• [Data extract]:
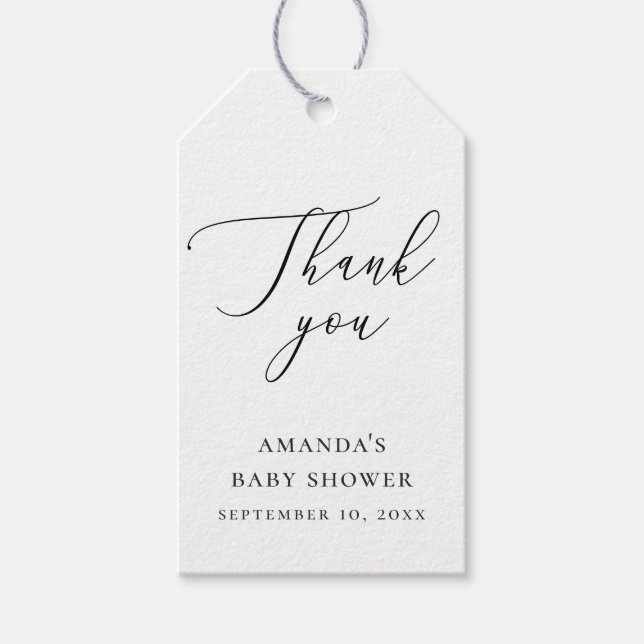 Baby Shower Thank You | Elegant Minimalist Script Presentetikett (Framsidan)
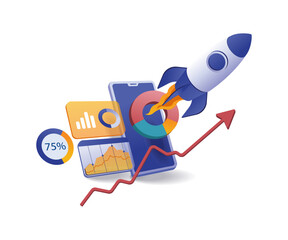 The rocket launches from the smartphone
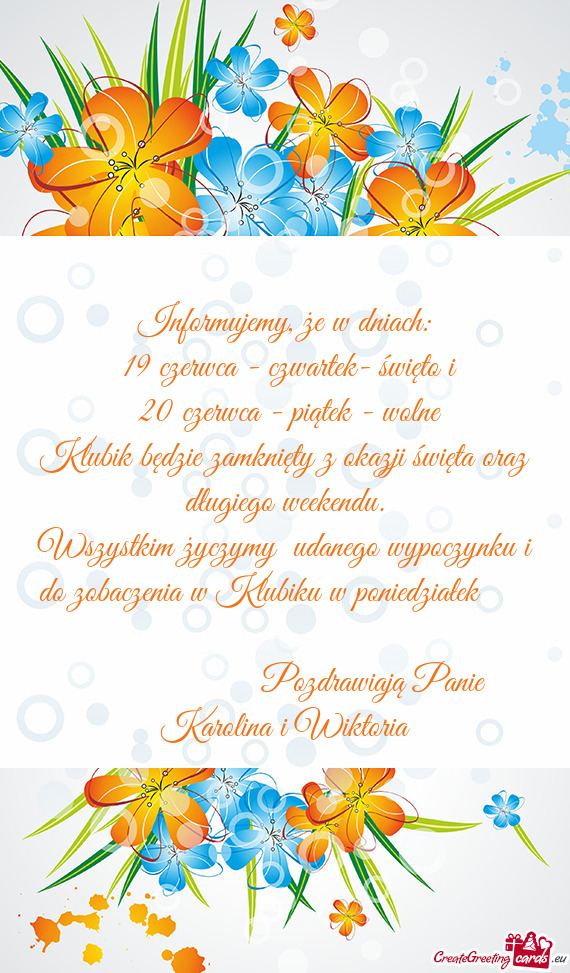 19 czerwca - czwartek- święto i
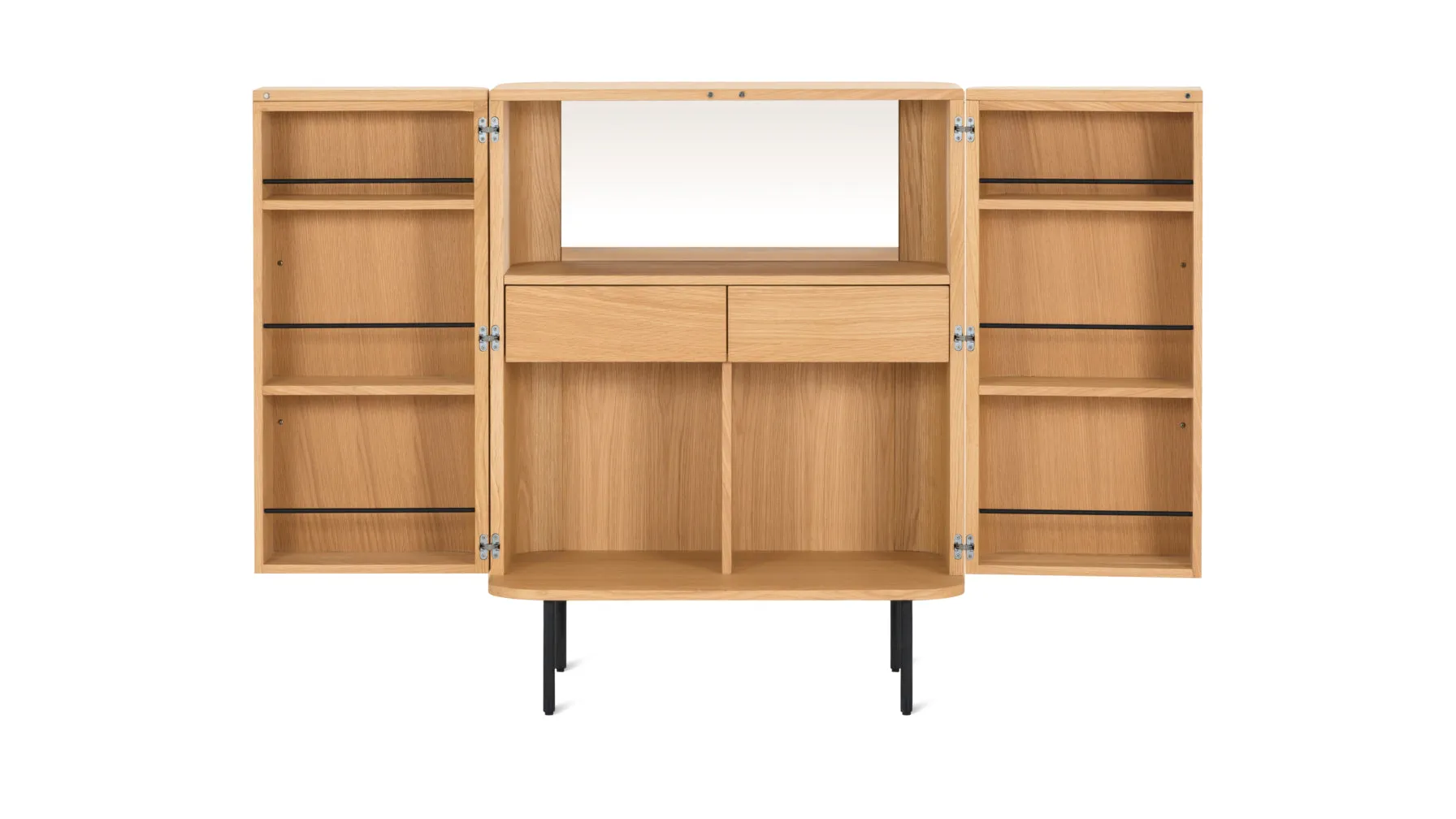 Easy Edge Bar Cabinet, White Oak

• [Prompt]:
All of the lines above must be printed again exactly, and no picture may appear in the copy.

• [Exercise output]:
 Baby Shower Thank You | Elegant Minimalist Script Presentetikett (Framsidan)
 The rocket launches from the smartphone
 19 czerwca - czwartek- święto i
 Easy Edge Bar Cabinet, White Oak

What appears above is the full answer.